J’appuie sur le bouton d’enregistrement alors que la conversation est déjà bien entamée. Maxime Jaffray me montre ses gouaches, ses bijoux, ses projets — autant d’objets témoins de son parcours. Nous discutons entre deux confinements, dans une parenthèse où la réflexion sur le sens du travail prend toute sa place.

Maxime est designer industriel de formation, diplômé d’un master dans une école spécialisée en design automobile. Mais très vite, il élargit son champ d’action. Sa rencontre avec la joaillerie remonte à une quatrième année d’échange à l’étranger, où il découvre les matières, le bois, le métal, les bijoux. C’est un choc, une révélation. L’expérience s’arrête là, mais la trace reste.

Le design comme lecture libre des codes et ADN d’une maison.

Au fil de mes questions, je découvre un parcours bien plus riche que je ne le soupçonnais. Car oui, nous avons travaillé ensemble. Mais non, je n’avais pas saisi toute la singularité de son chemin. Et je le regrette un peu. Maxime est de ces collègues qu’on aimerait rencontrer plus souvent : atypique, précis, engagé.

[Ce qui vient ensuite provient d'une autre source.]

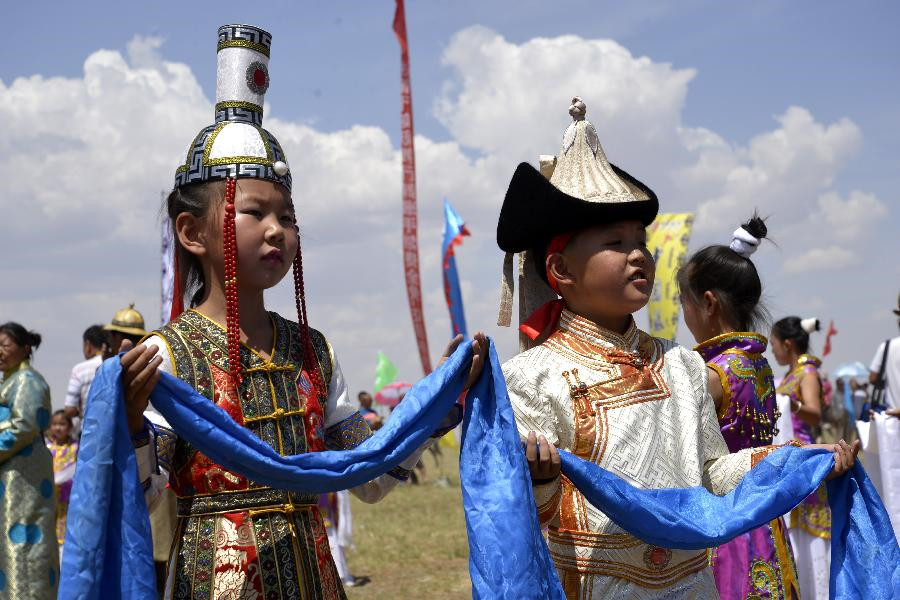 Nadam fair celebrated in N China's Urat Middle Banner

Du design automobile aux maisons de joaillerie

Partir du design automobile pour arriver chez les grands noms du luxe, ce n’est pas un itinéraire classique. Et pourtant, Maxime l’a fait. À travers ses stages, ses projets, il se rapproche peu à peu de la joaillerie. La transition est subtile mais déterminée.

Il parle du design avec une vision large : ADN de marque, sens, finalité. Il revendique une liberté d’interprétation des codes, une capacité à s’en affranchir pour mieux créer un style, un univers. C’est un designer qui réfléchit, qui honore sa discipline en en parlant avec justesse.

Gouaches, colliers, montres… et gravures réglementaires

Chez Cartier, il intervient comme consultant externe sur un projet bien particulier : la refonte des standards de gravure. Un sujet technique, fastidieux même — il s’agit des mentions légales gravées sur les bijoux. Ce n’est pas glamour, mais c’est crucial. Et surtout, cela touche à toutes les époques, à tous les ateliers, à tous les objets.

Prévu pour durer six mois, le projet s’étale sur deux ans. Maxime collabore avec les ateliers, les prestataires, les fournisseurs. Il faut harmoniser les pratiques, mettre tout le monde sur la même longueur d’onde. De l’intérieur, c’est un collaborateur comme un autre. De l’extérieur, un prestataire hybride. Ce statut, il l’assume avec une vraie souplesse.

Une seconde révélation : l’École Boulle

En parallèle de ses missions, Maxime retourne sur les bancs de l’école — le soir, à l’École Boulle, pour compléter sa compréhension technique du métier. Il y cherche une vision plus globale, une maîtrise fine des savoir-faire. C’est un deuxième déclic dans sa trajectoire.

Entre innovation et tradition

Ses projets sont multiples. Son champ d’action, très large. Il peut aussi bien imaginer un meuble qu’un bijou, penser une pièce unique qu’un objet reproductible. Il voit dans chaque création un même défi intellectuel : celui de faire dialoguer matière, forme et usage.

Maxime se situe en permanence à la jonction entre deux mondes : celui des savoir-faire séculaires et celui des matériaux innovants. Il construit des ponts. Il assure la transition entre l’artisanat et l’avenir. C’est un équilibre exigeant, une gymnastique constante. Et il le fait avec finesse.